Sans surprise, le Sénat a adopté mardi sa propre version de la révision constitutionnelle. Les sénateurs ont notamment rétabli la déchéance de nationalité pour les seuls binationaux, une mesure que les députés avaient réfutée à l’Assemblée. La droite, majoritaire, a voté pour cette version différente de celle de l'Assemblée, la gauche contre. Au final, 176 sénateurs ont voté pour, 161 contre, et 11 se sont abstenus.
Ce qui change par rapport au texte de l'Assemblée. Sur l'article deux, celui qui concerne la déchéance de nationalité, le Sénat a limité cette mesure aux seuls binationaux auteurs d'actes terroristes et non à tous les Français comme l'avaient décidé les députés, la haute assemblée ne voulant pas créer de cas d'apatridie, quand l'Assemblée refuse toute discrimination entre Français. Sur ce point précis, le point de vue des deux chambres semble définitivement irréconciliables.
Sur l'article 1, celui relatif à l'inscription de l'état d'urgence dans le Constitution, les sénateurs ont modifié le texte de l'Assemblée. Entre autres, ils ont réduit le délai de prorogation par le Parlement de quatre à trois mois. Ils ont également renforcé les compétences de l'autorité judiciaire sous le régime d'état d'urgence. Pour le coup, Assemblée et Sénat pourrait sans doute trouver un terrain d'entente sur cet article 1.
La fin de la révision constitutionnelle ? L'adoption de cette version du texte n’est pas une bonne nouvelle pour François Hollande dans sa quête de révision constitutionnelle. Car les deux chambres doivent adopter la révision selon les mêmes termes avant la convocation éventuelle d’un Congrès, qui doit définitivement entériner la réforme. C’est encore loin d’être le cas. Et cela pourrait bien signifier la fin pure et simple du projet de loi. "Ça ne se joue plus au niveau des chambres, ça se joue dans un bureau, avec le président de la République, le Premier ministre et les présidents des deux Assemblées", a déclaré devant la presse le chef de file des sénateurs socialistes Didier Guillaume, précisant qu'un rendez-vous est prévu mercredi à l'Elysée.
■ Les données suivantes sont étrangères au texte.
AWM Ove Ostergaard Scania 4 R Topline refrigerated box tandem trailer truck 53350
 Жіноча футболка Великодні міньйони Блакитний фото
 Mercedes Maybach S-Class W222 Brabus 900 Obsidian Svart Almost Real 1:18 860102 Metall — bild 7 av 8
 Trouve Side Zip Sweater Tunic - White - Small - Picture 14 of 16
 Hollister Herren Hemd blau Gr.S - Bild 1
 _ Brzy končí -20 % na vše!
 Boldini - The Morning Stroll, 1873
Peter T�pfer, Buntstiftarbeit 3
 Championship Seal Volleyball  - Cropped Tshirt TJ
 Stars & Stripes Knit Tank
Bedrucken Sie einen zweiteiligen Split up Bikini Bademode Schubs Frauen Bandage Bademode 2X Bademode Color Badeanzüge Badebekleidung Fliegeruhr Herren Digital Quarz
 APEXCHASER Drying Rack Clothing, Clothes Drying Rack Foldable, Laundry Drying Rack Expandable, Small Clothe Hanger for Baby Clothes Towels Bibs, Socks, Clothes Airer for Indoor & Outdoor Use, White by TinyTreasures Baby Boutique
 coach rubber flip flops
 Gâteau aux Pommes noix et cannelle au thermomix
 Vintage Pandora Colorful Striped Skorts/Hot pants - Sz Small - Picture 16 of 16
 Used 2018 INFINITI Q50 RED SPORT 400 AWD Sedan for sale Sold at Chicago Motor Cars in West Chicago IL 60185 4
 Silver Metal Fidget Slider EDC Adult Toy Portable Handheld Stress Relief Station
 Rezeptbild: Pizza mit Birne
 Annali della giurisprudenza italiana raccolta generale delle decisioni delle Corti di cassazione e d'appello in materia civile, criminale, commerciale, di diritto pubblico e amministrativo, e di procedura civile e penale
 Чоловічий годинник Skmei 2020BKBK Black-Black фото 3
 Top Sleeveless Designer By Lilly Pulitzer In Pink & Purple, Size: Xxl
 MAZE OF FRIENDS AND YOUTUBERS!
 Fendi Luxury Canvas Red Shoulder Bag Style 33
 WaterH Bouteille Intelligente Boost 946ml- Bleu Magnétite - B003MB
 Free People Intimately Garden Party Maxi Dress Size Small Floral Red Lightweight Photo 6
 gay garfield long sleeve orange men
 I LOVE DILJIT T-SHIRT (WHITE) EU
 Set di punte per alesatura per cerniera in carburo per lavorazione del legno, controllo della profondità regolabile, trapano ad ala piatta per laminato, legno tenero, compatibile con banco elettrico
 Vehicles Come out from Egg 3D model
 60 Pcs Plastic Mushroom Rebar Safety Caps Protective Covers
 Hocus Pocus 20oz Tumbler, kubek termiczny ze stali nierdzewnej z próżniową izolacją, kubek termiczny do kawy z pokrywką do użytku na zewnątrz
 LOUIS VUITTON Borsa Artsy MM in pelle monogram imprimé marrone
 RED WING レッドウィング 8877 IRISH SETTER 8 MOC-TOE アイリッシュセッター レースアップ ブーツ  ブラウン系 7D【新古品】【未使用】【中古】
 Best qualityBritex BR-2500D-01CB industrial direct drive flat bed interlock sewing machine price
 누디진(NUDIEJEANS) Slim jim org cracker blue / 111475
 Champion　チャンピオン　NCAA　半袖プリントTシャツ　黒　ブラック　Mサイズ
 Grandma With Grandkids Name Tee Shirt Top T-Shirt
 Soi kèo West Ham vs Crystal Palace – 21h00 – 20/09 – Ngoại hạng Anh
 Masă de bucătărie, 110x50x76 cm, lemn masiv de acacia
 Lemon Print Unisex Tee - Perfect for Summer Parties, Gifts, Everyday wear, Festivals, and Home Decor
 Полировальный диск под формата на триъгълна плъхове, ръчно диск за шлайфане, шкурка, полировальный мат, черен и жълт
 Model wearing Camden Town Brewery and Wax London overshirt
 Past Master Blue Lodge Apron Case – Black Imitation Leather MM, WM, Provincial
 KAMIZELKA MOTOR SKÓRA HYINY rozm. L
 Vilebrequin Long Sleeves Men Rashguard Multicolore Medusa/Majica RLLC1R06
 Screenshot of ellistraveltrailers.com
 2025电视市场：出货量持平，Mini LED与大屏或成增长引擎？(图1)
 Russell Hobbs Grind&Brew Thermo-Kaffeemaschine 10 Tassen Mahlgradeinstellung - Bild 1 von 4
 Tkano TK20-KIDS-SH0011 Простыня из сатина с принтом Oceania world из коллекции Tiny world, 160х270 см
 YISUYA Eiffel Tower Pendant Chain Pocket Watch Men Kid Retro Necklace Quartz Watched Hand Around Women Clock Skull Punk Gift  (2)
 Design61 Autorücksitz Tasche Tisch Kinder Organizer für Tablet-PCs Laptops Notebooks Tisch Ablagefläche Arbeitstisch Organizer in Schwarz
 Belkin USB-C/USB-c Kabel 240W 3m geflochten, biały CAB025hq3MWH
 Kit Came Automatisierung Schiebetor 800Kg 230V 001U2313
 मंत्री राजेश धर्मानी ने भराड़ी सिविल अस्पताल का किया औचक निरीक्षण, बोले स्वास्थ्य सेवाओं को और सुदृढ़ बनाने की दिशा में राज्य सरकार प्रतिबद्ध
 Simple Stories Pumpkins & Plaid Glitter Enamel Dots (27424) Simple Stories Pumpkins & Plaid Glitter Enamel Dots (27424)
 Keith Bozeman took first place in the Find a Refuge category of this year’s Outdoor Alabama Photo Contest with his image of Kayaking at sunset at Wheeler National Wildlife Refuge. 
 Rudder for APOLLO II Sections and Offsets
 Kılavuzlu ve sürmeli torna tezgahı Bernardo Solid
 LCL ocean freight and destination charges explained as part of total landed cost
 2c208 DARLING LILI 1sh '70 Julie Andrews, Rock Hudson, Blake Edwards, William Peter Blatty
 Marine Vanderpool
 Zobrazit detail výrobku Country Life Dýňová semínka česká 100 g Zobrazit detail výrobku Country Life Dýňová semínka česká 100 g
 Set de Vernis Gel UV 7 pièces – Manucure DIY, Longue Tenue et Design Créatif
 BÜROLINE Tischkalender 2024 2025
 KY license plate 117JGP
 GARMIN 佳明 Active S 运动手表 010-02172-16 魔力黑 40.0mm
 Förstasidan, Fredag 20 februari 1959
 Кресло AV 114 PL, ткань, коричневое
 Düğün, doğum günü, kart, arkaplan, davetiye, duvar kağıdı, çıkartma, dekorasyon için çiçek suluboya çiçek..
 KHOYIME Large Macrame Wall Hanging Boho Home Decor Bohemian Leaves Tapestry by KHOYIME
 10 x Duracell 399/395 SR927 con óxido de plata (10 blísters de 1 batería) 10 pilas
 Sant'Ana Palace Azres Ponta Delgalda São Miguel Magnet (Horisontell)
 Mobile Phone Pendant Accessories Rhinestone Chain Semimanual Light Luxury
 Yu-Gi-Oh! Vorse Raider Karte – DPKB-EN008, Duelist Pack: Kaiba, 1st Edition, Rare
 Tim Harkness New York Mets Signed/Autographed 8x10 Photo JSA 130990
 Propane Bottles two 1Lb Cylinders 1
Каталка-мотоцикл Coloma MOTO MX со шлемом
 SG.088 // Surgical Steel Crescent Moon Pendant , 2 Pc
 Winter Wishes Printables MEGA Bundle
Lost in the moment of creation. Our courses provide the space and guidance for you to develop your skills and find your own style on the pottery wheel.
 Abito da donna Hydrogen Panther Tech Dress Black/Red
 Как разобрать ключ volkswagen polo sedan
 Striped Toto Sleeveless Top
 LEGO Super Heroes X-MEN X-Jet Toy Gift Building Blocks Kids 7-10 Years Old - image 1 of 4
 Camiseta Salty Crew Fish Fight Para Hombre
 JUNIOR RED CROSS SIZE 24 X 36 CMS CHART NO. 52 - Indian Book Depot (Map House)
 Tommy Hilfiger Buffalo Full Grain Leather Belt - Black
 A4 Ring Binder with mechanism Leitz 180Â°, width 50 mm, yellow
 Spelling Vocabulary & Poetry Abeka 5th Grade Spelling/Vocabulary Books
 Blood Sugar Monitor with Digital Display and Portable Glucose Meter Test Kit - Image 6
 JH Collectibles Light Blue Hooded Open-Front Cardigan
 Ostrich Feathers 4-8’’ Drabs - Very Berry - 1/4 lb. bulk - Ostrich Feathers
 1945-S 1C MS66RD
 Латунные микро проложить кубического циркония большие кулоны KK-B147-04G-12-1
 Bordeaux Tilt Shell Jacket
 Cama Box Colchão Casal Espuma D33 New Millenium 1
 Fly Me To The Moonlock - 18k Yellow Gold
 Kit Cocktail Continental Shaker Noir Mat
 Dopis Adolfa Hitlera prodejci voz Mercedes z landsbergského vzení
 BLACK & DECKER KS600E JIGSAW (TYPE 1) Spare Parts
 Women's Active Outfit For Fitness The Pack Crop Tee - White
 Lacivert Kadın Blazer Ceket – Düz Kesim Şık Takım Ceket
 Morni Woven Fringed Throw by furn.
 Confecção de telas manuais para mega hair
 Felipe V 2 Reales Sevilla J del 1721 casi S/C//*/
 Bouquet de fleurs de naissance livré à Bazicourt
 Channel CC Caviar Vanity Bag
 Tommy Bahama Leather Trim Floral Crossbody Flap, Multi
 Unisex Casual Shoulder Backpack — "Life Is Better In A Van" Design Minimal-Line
Les différents scénarios. La balle est désormais dans le camp du gouvernement. L'exécutif peut choisir de persévérer en mettant la pression sur les parlementaires pour qu'ils se mettent enfin d'accord sur la déchéance de nationalité. Mais d'abord, le résultat est loin d'être garanti. Ensuite, le débat sur la déchéance dure depuis désormais de longs mois, et déchire le PS et ses partenaires. Cette hypothèse est donc peu probable.
François Hollande pourrait alors décider de réduire la révision constitutionnelle à la seule inscription de l'état d'urgence dans la Loi fondamentale. En lui ajoutant éventuellement la réforme du Conseil supérieur de la magistrature, afin de renforcer l'indépendance de la justice. Une réforme constitutionnelle au rabais qui constituerait une défaite pour le chef de l'Etat.
Enfin, le président de la République peut décider purement et simplement d'abandonner sa réforme constitutionnelle, en rejetant la faute sur le Sénat. Selon RTL, Manuel Valls plaidait pour cette dernière option auprès de François Hollande ces derniers jours. Jean-Michel Baylet, ministre de l'Aménagement du territoire, estimait dès jeudi matin qu'il s'agissait là de l'hypothèse la plus probable. "Si le vote n'est pas conforme [au Sénat ce mardi, ndlr], je ne suis pas sûr qu'il y ait un Congrès", a-t-il affirmé sur France Info. "Franchement, je n'en ai pas parlé avec lui, il ne m'a pas fait confiance en la matière, mais je vois mal le président de la République convoquer le Congrès simplement sur un article."